### About this exercise:
Span requested from the data below: the line with "Coach Madison White" through the line with "Tailored Stackable Bead Charm Bracelet", both included. Give only these lines again, exactly, and leave every picture out.

### Supplied records:
--

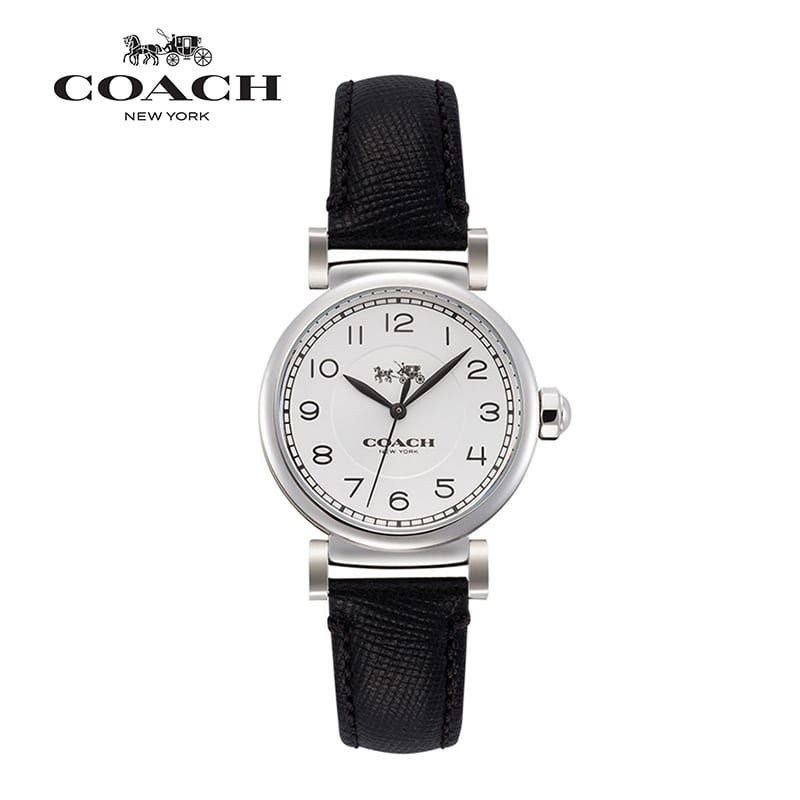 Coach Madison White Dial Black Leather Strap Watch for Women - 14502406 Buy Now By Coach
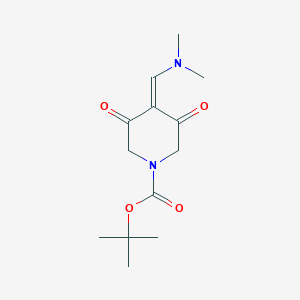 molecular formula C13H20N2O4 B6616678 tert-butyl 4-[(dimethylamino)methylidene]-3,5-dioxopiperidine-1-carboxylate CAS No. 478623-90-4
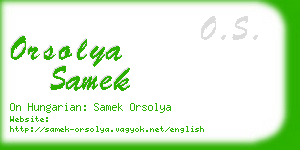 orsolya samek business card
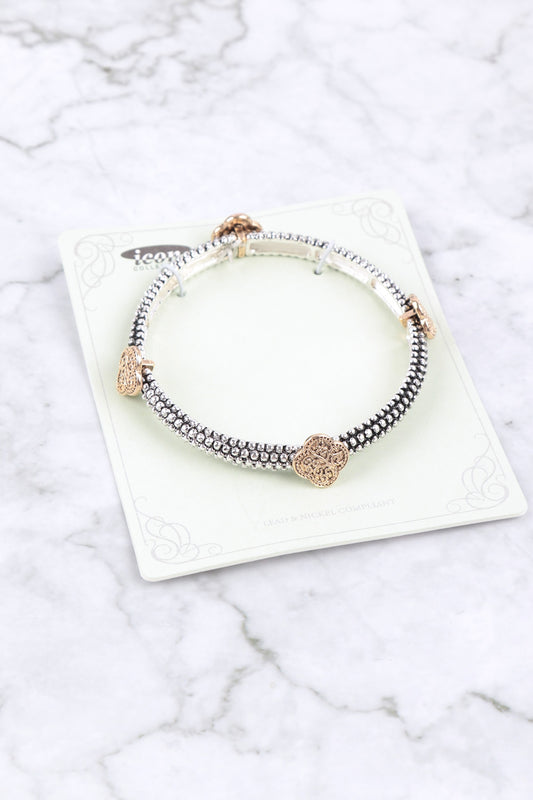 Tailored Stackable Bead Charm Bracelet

--

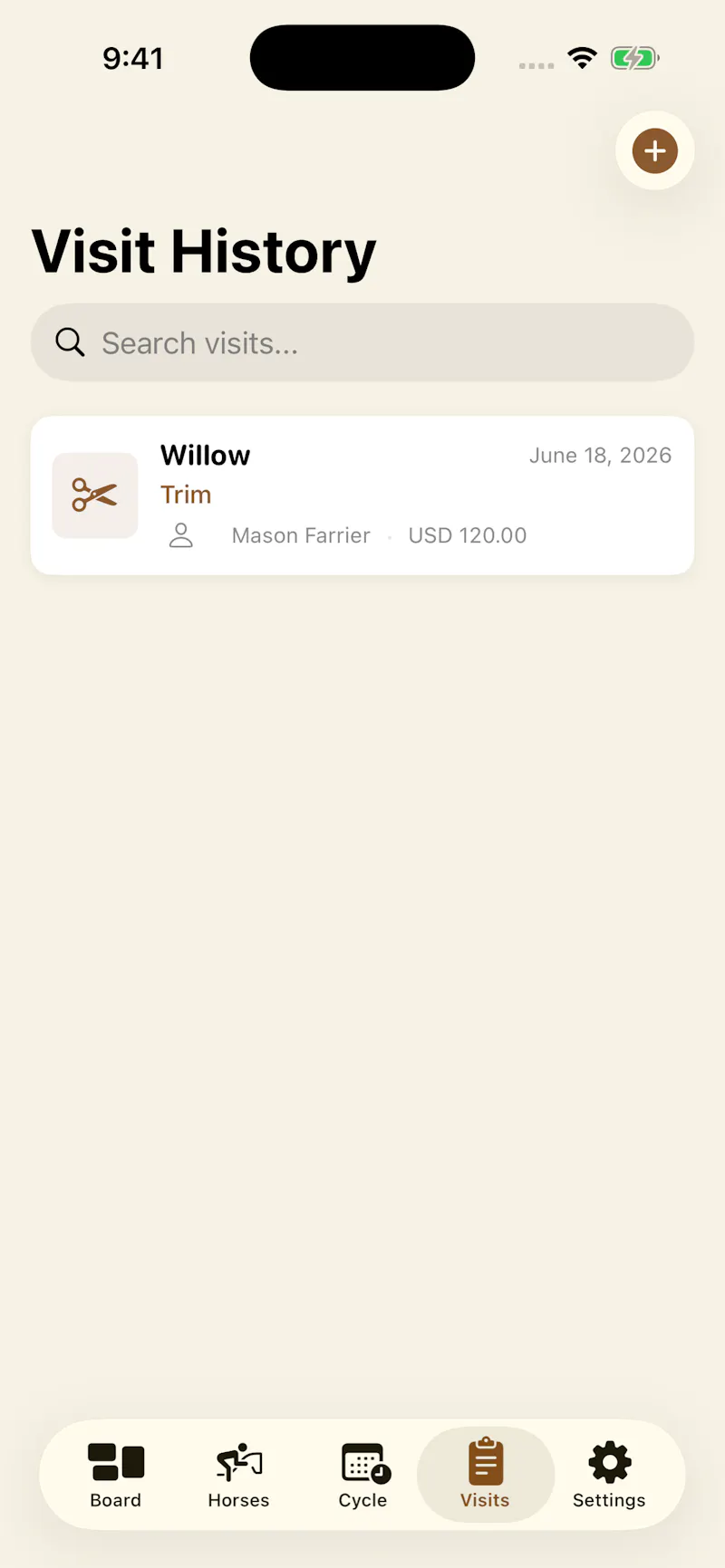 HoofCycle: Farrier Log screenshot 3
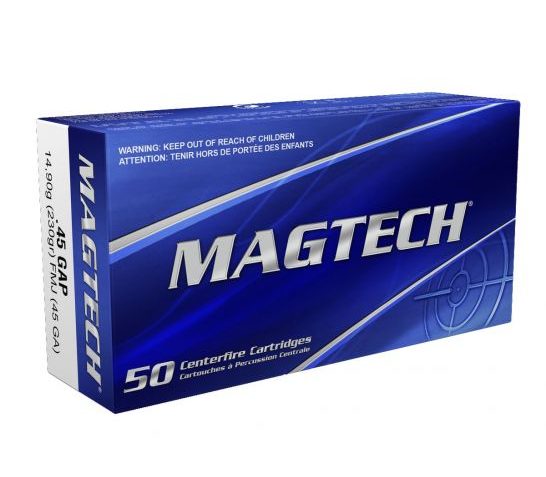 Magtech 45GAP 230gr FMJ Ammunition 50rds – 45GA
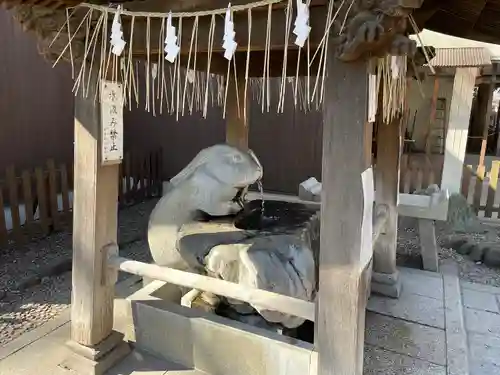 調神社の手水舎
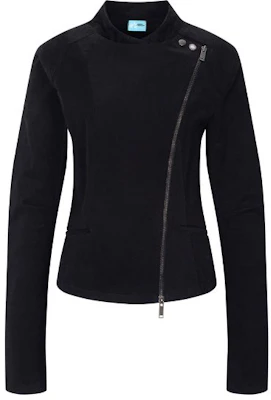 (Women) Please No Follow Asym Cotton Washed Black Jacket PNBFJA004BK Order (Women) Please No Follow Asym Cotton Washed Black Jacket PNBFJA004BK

--

### Result of the task:
 Coach Madison White Dial Black Leather Strap Watch for Women - 14502406 Buy Now By Coach
 molecular formula C13H20N2O4 B6616678 tert-butyl 4-[(dimethylamino)methylidene]-3,5-dioxopiperidine-1-carboxylate CAS No. 478623-90-4
 orsolya samek business card
 Tailored Stackable Bead Charm Bracelet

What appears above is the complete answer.